Several characters are referenced in the play but do not appear on stage:

- Eugene Tyrone – A son born before Edmund who died of measles at the age of two. He was infected by Jamie who was seven at the time and had been told not to enter his room but disobeyed. Mary believes that Jamie had the intent of hurting Eugene.
- Bridget – A cook.
- McGuire – A real estate agent who has swindled James Tyrone in the past.
- Shaughnessy – A tenant on a farm owned by the Tyrones.
- Harker – A friend of James Tyrone, "the Standard Oil millionaire", owns a neighboring farm to Shaughnessy with whom he gets into conflicts, often postulated to be based on Edward Harkness, Standard Oil heir, who had a summer home nearby in Waterford, Connecticut.
- Doctor Hardy – The Tyrones' physician at the insistence of James, though the other family members don't think much of him and suspect he is their doctor only because he is cheap.
- Captain Turner – The Tyrones' neighbor.
- Smythe – A garage assistant whom James hired as a chauffeur for Mary. Mary suspects he is intentionally damaging the car to provide work for the garage.
- The mistress – A woman with whom James had had an affair before his marriage, who had later sued him causing Mary to be shunned by her friends as someone with undesirable social connections.
- Mary's father – Died of tuberculosis.
- James's parents and siblings – The family immigrated to the United States when James was eight years old. His father abandoned the family two years later and returned to Ireland, where he died after ingesting rat poison. It was suspected suicide but James refuses to believe that. He had two older brothers and three sisters.

==History of the play==
O'Neill finished revising the manuscript into its final version in March 1941. He did not want it ever produced as a play, and did not even want it published during his lifetime, writing to his friend, the critic George Jean Nathan: "There are good reasons in the play itself...why I'm keeping this one very much to myself, as you will appreciate when you read it."

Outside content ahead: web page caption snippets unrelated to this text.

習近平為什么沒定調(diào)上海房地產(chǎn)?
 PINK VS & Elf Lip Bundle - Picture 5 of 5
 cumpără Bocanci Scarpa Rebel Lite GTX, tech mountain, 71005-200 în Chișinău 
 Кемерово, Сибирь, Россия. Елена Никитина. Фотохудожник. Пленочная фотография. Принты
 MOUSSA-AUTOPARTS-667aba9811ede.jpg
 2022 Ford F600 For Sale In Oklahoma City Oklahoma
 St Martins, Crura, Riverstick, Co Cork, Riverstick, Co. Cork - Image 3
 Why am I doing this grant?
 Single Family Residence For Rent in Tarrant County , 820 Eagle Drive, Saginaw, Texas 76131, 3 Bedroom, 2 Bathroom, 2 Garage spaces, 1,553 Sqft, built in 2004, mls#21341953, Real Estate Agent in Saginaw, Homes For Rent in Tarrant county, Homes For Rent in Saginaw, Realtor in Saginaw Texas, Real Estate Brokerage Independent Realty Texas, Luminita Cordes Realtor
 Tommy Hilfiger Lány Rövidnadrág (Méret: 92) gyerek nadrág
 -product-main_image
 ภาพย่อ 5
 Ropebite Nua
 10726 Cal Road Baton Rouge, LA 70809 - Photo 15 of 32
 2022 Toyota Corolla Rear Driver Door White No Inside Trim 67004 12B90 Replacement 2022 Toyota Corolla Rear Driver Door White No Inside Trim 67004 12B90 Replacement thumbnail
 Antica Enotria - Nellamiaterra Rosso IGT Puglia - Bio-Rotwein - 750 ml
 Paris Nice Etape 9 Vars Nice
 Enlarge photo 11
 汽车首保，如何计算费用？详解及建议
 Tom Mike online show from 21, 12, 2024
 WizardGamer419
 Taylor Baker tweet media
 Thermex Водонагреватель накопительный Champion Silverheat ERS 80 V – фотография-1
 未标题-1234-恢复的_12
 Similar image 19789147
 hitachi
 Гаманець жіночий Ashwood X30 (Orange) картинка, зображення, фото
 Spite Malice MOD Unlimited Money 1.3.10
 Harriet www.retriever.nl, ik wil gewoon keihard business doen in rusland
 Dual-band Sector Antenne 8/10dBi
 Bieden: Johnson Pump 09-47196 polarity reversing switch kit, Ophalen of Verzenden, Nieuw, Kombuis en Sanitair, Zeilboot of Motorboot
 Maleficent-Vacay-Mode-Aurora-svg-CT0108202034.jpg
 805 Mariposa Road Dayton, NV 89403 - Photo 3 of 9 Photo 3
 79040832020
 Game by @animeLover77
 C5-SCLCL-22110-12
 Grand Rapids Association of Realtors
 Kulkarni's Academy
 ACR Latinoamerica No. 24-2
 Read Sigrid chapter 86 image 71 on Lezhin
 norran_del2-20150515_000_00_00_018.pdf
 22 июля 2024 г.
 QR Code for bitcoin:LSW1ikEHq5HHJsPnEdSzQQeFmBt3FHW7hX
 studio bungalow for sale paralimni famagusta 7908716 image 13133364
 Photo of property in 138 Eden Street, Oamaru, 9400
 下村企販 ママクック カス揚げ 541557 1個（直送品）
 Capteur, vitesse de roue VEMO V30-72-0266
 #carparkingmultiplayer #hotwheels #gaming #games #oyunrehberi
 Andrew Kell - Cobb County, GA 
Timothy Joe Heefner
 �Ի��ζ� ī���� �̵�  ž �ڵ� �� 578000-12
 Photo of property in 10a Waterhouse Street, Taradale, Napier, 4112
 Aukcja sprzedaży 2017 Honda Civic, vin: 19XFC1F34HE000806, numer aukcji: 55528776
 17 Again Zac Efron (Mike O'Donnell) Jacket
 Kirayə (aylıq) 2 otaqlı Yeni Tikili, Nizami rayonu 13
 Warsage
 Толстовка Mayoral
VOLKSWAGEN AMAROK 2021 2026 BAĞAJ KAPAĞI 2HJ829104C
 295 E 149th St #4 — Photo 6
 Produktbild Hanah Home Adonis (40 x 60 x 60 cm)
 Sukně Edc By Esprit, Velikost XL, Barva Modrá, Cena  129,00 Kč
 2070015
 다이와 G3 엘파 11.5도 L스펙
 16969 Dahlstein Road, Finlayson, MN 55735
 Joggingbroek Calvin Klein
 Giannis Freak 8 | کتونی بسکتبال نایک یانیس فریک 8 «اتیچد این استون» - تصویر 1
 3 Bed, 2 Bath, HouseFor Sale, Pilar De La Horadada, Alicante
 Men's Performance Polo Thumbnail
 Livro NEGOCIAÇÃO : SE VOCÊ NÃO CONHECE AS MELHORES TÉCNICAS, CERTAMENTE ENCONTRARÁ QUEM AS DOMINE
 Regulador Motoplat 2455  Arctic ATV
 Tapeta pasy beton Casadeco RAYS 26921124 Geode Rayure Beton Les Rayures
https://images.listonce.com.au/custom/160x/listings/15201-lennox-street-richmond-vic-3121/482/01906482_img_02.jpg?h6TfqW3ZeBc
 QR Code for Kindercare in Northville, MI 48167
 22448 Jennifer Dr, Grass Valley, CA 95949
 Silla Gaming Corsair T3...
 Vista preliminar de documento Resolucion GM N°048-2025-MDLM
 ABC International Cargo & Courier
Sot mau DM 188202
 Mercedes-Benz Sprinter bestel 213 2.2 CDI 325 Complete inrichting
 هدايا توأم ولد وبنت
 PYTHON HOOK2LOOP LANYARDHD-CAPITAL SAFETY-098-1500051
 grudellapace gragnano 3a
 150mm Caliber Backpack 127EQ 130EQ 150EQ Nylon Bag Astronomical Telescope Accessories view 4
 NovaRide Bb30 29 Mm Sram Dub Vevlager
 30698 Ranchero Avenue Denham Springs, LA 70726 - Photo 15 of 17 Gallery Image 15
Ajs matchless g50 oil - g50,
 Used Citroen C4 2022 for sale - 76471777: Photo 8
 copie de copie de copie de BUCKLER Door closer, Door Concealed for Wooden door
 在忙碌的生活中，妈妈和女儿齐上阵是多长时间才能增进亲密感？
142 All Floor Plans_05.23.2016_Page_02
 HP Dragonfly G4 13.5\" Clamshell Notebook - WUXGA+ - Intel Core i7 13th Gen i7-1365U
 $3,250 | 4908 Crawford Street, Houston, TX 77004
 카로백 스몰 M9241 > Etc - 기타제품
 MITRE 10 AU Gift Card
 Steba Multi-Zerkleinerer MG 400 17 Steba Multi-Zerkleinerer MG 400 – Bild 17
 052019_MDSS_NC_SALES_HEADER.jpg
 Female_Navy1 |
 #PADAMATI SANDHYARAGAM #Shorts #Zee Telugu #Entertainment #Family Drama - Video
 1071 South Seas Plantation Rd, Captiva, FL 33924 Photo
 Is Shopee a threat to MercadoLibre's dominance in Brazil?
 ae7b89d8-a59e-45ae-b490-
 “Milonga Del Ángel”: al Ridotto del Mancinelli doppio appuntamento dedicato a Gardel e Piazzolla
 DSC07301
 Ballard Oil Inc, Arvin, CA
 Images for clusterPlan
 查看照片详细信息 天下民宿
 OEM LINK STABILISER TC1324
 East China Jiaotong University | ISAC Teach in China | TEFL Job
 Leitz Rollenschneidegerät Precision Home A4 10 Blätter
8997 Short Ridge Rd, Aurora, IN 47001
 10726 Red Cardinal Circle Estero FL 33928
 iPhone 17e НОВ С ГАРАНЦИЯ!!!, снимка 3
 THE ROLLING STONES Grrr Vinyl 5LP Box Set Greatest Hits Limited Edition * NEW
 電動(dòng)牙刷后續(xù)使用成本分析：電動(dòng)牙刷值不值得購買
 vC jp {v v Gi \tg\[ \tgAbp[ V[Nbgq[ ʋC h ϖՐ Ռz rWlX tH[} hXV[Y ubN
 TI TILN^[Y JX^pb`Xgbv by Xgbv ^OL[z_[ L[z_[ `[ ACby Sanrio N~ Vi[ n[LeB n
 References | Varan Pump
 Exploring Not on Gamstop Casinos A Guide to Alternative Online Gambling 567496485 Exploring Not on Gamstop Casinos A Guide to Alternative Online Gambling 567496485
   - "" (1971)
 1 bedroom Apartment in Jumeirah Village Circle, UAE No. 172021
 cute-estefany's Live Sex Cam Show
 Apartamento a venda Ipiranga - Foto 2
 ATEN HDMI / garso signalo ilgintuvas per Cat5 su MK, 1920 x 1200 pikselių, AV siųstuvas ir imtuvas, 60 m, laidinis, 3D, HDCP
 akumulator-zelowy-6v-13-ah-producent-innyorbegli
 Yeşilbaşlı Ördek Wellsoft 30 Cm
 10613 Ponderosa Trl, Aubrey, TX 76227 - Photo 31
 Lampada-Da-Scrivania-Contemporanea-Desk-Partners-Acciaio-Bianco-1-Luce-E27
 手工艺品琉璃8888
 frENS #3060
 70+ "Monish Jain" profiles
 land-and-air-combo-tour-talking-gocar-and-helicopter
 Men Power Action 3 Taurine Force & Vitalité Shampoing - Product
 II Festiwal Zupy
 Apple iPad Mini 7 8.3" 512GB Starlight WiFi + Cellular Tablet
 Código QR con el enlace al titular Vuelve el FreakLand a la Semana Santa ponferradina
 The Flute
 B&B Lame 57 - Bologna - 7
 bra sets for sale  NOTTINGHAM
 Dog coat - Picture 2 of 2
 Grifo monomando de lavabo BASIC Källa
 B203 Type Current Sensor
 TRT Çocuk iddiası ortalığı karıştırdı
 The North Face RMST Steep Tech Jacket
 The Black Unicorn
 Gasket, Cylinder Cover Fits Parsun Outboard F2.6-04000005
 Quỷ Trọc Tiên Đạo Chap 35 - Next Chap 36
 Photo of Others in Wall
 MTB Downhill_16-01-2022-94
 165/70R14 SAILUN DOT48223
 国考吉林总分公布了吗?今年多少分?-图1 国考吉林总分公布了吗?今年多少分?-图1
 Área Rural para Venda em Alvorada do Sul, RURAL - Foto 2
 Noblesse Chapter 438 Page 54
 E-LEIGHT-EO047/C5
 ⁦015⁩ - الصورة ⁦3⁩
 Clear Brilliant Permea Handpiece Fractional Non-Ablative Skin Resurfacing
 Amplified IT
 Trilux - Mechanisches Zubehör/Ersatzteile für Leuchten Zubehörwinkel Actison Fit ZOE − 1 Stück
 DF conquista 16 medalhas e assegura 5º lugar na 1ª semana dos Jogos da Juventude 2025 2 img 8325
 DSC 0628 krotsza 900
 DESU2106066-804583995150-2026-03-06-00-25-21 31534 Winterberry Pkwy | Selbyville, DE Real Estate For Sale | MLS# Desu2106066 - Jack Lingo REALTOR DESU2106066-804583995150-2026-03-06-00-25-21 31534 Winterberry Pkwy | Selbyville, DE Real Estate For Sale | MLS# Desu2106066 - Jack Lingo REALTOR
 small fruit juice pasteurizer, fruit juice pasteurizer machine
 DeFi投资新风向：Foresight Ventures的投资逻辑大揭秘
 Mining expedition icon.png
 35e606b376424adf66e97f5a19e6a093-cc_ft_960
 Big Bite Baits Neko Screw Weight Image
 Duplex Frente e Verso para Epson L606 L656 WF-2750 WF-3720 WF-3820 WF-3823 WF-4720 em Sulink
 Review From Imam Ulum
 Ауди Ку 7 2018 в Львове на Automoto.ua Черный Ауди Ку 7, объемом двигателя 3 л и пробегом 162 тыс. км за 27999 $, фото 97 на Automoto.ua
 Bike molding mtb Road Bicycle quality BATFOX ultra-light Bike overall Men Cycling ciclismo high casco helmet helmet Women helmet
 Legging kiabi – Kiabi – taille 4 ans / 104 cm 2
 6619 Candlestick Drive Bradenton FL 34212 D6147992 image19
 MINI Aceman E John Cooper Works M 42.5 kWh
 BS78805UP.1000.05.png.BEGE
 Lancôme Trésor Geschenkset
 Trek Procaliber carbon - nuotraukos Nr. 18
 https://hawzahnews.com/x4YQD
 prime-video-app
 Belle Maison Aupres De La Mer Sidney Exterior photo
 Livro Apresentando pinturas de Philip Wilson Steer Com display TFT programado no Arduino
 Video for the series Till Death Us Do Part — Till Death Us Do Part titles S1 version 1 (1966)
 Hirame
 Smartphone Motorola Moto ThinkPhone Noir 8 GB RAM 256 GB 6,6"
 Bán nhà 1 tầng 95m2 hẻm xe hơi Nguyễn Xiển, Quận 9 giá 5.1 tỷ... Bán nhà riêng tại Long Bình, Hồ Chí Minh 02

O'Neill did not copyright the play. In 1945 he had a sealed copy of the manuscript placed in the document vault of publisher Random House, instructing that it not be published until 25 years after his death. He sent a second sealed copy to the O'Neill collection at Yale University.

Soon after O'Neill's death, his widow Carlotta Monterey demanded that Random House contravene O'Neill's explicit wishes and publish the play at once. "We refused, of course," wrote publisher Bennett Cerf in his memoirs, "but then were horrified to learn that legally all the cards were in her hand. … I do not regret that we took the stand we did, because I still think we were right." Monterey had the play published by the Yale University Press in 1956, with the bulk of the proceeds deeded to Yale's Eugene O'Neill Collection and for scholarships at its drama school.

According to Sarah Ruhl, the play was a gift Eugene O'Neill gave to his wife Carlotta Monterey on their twelfth wedding anniversary, writing: "Dearest, I give you the original script of this play of old sorrow, written in tears and blood."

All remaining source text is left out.